TTcompile() and TTdecompile(): Compile and decompile constrained traceTorch parameters so inference can skip repeated activation transforms.

Timestep loops

traceTorch layers process one timestep per forward call. The library does not hide the sequence loop because different tasks want different loss accumulation, readout, and detach behavior.

Full sequence backpropagation:

model.zero_states()
running_loss = 0

for t in range(num_timesteps):
    output = model(x[t])
    running_loss = running_loss + loss_fn(output, target[t])

running_loss.backward()
optimizer.step()

Online or truncated learning:

model.zero_states()

for t in range(num_timesteps):
    output = model(x[t])
    loss = loss_fn(output, target[t])
    loss.backward()
    optimizer.step()
    optimizer.zero_grad()
    model.detach_states()

The first version keeps the computation graph through time. The second version cuts temporal gradients after each timestep while preserving the numerical state values.

When to reset

Call zero_states() when a new independent sequence starts. In a dataloader, that usually means once per batch.

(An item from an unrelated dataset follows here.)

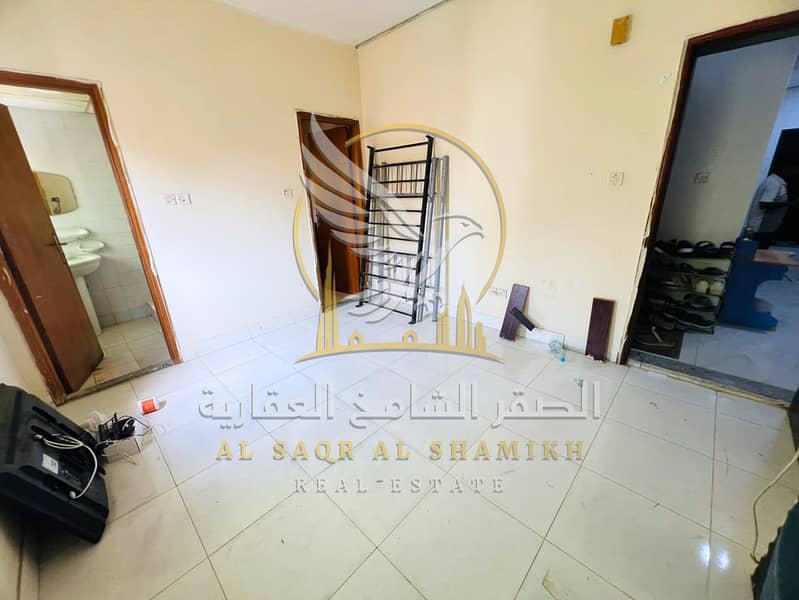 4 apartment-for-rent-property-03. jpg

for sequence, label in dataloader:
    model.zero_states()
    for t in range(sequence.size(0)):
        output = model(sequence[t])

Do not call zero_states() inside the timestep loop unless you intentionally want to erase temporal memory.

Lazy state shapes

States start as None. On the first forward pass, each layer copies the input shape and replaces the target dimension with num_neurons. This is why a layer can work with different batch sizes without manual state allocation.

For example, tt.snn.LIB(32, dim=-3) expects the channel dimension to have 32 entries and will create membrane states with the same batch, height, and width as the input.

Saving states

Model parameters and hidden states are separate. Use state_dict() for parameters and save_states() for current hidden traces.

torch.save(model.state_dict(), "weights.pt")
torch.save(model.save_states(), "states.pt")

model.load_state_dict(torch.load("weights.pt"))
model.load_states(torch.load("states.pt"), strict=False)

State saving is useful for streaming inference, checkpointing a long sequence, or resuming an online model without forgetting its recent history.